* [DATA IN THIS EXERCISE]

.....

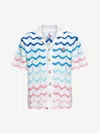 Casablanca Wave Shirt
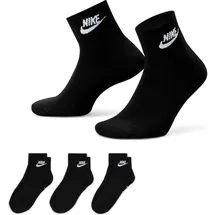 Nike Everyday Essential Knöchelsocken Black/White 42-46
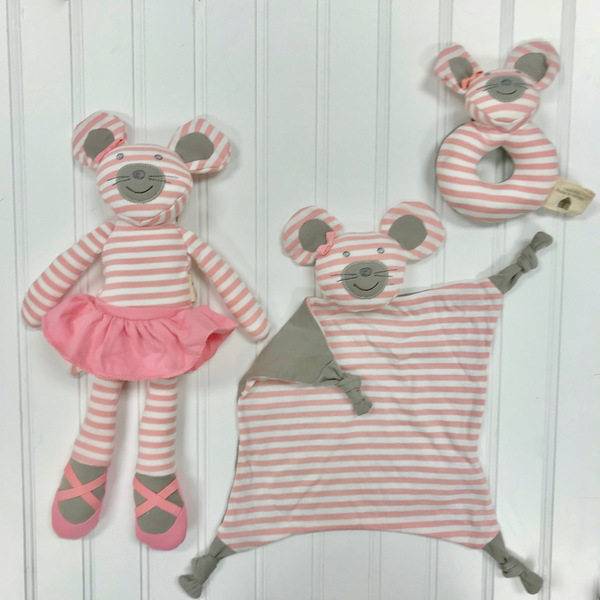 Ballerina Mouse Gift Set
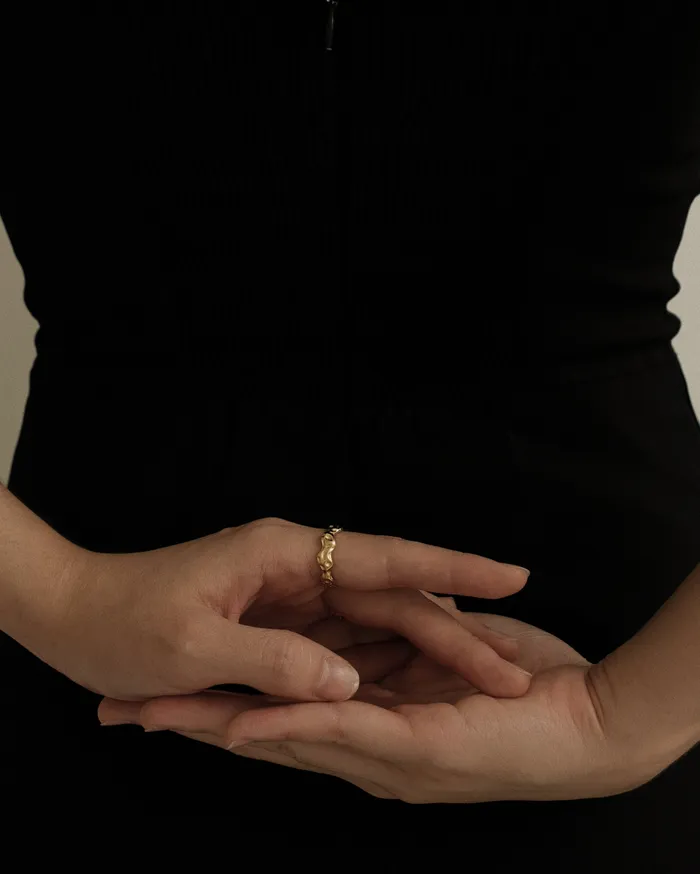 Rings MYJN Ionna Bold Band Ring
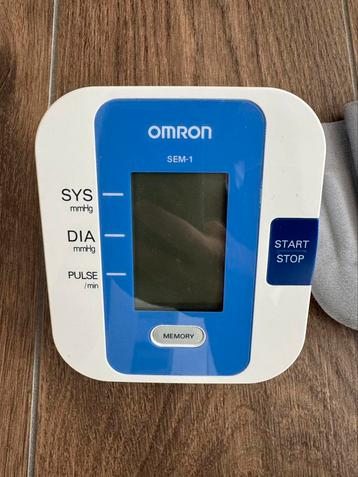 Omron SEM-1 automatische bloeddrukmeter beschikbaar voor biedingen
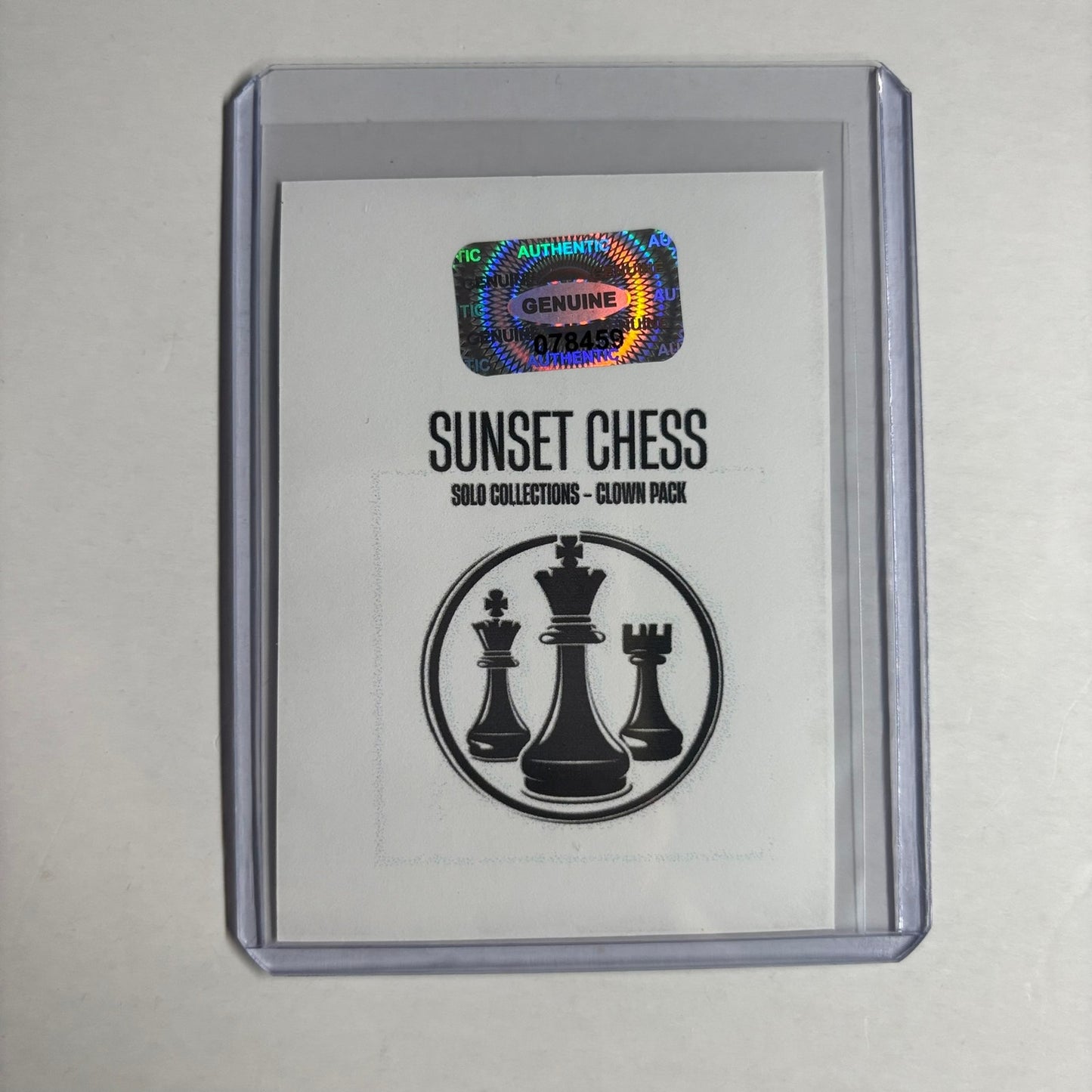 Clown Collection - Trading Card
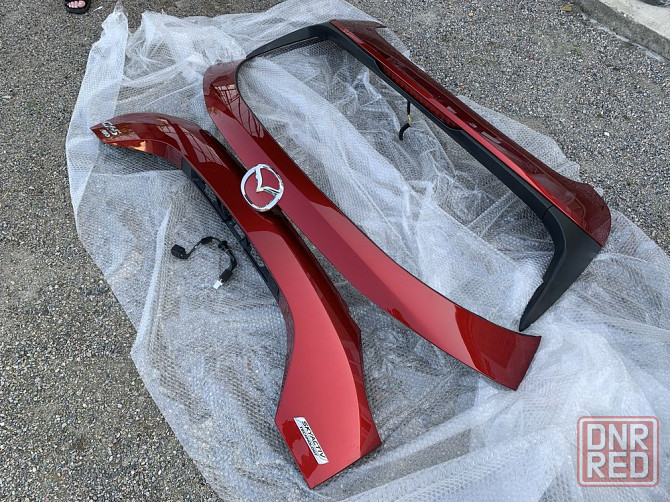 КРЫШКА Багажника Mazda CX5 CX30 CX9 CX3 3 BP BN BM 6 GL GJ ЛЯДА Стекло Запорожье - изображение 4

.....

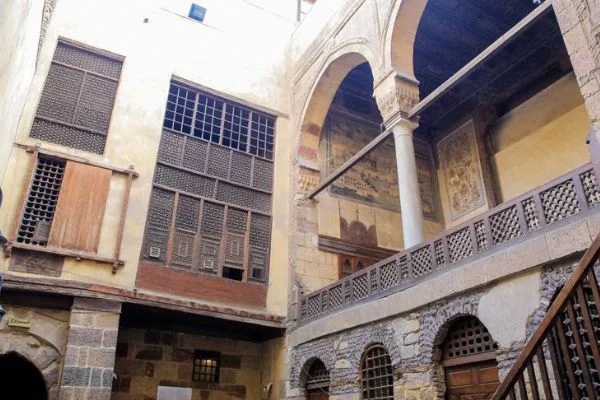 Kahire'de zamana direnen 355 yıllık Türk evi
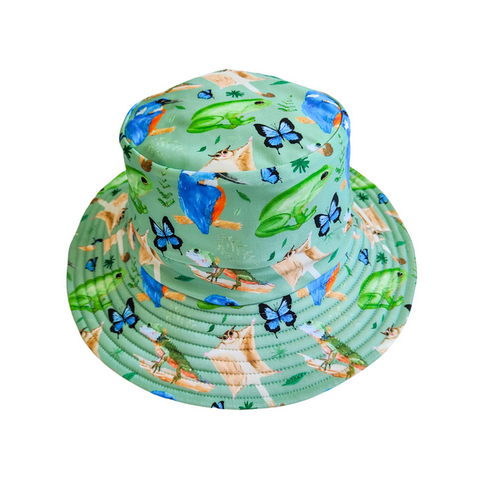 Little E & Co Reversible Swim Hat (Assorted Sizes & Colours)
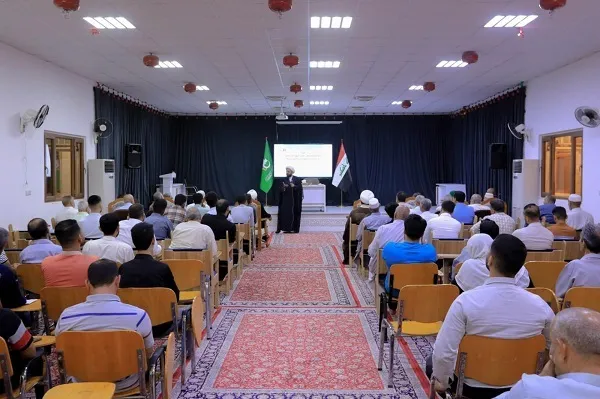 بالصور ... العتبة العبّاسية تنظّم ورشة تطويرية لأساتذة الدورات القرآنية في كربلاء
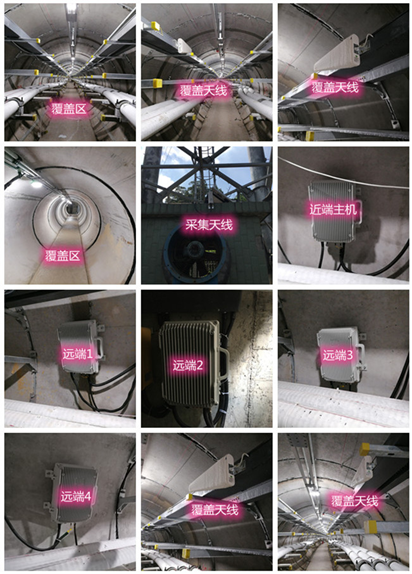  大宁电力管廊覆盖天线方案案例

.....

Reproduce word for word, with pictures dropped, only the part of the material above that opens with the line containing "Casablanca Wave Shirt" and closes with the line containing "КРЫШКА Багажника Mazda".

 Casablanca Wave Shirt
 Nike Everyday Essential Knöchelsocken Black/White 42-46
 Ballerina Mouse Gift Set
 Rings MYJN Ionna Bold Band Ring
 Omron SEM-1 automatische bloeddrukmeter beschikbaar voor biedingen
 Clown Collection - Trading Card
 КРЫШКА Багажника Mazda CX5 CX30 CX9 CX3 3 BP BN BM 6 GL GJ ЛЯДА Стекло Запорожье - изображение 4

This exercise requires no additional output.